EVENTS & MQTT & LOGIN APPS
Incident Report for Ubidots
Postmortem

Events & MQTT & Login Apps Issues Postmortem

Date

2019-05-17

Authors

jose

Status

Complete

Summary

HTTP data ingestion service was down for 22 minutes during the early morning of the 19th of May, 2019 UTC. This affected some services like Events, MQTT and Login Apps due to their dependency of the REST API server.

Impact

Medium, some requests from external devices and internal clusters were rejected.

Root Causes

The MQTT broker allows to create multiple TCP connections per device in order to support bulk data ingestion. Some devices from South America began TCP negotiations multiple times per second, and as the broker did not reject them to support bulk operations, the amount of RAM necessary to support them exceeded the server's available non-volatile memory. Because of this, the kernel began to paginate the RAM access derivating in a high data access latency was presented.

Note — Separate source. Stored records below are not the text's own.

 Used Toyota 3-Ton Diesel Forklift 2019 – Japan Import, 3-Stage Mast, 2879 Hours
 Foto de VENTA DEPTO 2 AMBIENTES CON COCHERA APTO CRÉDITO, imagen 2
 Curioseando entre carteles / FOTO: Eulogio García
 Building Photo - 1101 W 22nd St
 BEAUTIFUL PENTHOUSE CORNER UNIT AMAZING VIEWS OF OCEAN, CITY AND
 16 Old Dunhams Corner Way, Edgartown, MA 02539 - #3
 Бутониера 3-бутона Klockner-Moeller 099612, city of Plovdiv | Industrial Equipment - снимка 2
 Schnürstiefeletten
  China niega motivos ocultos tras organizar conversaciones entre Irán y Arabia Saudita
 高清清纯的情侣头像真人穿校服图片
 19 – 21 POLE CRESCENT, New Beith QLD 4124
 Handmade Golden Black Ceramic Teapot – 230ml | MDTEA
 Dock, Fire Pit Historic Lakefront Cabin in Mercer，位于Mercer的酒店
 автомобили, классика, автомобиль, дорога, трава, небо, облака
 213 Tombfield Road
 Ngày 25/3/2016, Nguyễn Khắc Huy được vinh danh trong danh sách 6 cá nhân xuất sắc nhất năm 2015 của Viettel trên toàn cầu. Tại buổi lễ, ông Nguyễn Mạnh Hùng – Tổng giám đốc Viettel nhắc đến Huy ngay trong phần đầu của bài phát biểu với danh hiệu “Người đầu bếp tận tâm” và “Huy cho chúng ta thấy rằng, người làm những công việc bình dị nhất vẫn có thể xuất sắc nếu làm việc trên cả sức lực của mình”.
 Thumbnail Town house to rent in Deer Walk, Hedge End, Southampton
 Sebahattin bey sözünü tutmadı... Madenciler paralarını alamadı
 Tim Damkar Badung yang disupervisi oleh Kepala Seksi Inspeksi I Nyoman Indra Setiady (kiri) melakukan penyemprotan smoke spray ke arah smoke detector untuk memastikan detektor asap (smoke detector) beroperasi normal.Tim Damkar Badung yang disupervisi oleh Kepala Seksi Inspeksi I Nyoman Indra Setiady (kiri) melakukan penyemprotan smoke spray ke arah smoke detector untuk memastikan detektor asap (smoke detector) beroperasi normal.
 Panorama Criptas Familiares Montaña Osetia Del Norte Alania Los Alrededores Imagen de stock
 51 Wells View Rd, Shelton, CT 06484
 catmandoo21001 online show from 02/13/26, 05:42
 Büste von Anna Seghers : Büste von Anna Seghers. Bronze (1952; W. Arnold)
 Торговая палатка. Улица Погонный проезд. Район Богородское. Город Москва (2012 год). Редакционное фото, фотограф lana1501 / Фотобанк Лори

A high latency with the REST API derivates in data reception through any IoT protocol issues.

Trigger

Latent bug triggered by sudden increase of RAM usage.

Resolution

IPs with a very high number of TCP connections were banned.

Detection

Detected by the automated internal service health checker.

Action Items

Action Item Type Owner Bug
Ban to IPs with multiple socket connections mitigate gustavo woakas@ubidots.com DONE
Script to free RAM Pagination every 1 hour prevent gustavo woakas@ubidots.com DONE
Alert through internal channels if the server RAM usage reaches more than 85% prevent gustavo woakas@ubidots.com DONE

Lessons Learned

What went well

The automated health checker alerted to the DevOps team once the issue was presented.

What went wrong

It is necessary to support bulk operations to allow to many devices to open many socket connections, but a device with hundreds of socket is something not expected. The DevOps must analyze how to mitigate this for the incoming MQTT broker update.

Supporting Information

Support: support@ubidots.com

Posted May 21, 2019 - 15:34 UTC

Resolved
This incident has been resolved.
Posted May 19, 2019 - 01:02 UTC
Update
We are continuing to monitor for any further issues.
Posted May 19, 2019 - 01:01 UTC
Monitoring
A fix has been implemented and we are monitoring the results.
Posted May 19, 2019 - 00:38 UTC
Investigating
Events engine, MQTT, HTTP, TCP/UDP and login apps services affected
Posted May 19, 2019 - 00:22 UTC
This incident affected: America (Login Apps Toronto, MQTT Publish Toronto, Events Engine Toronto).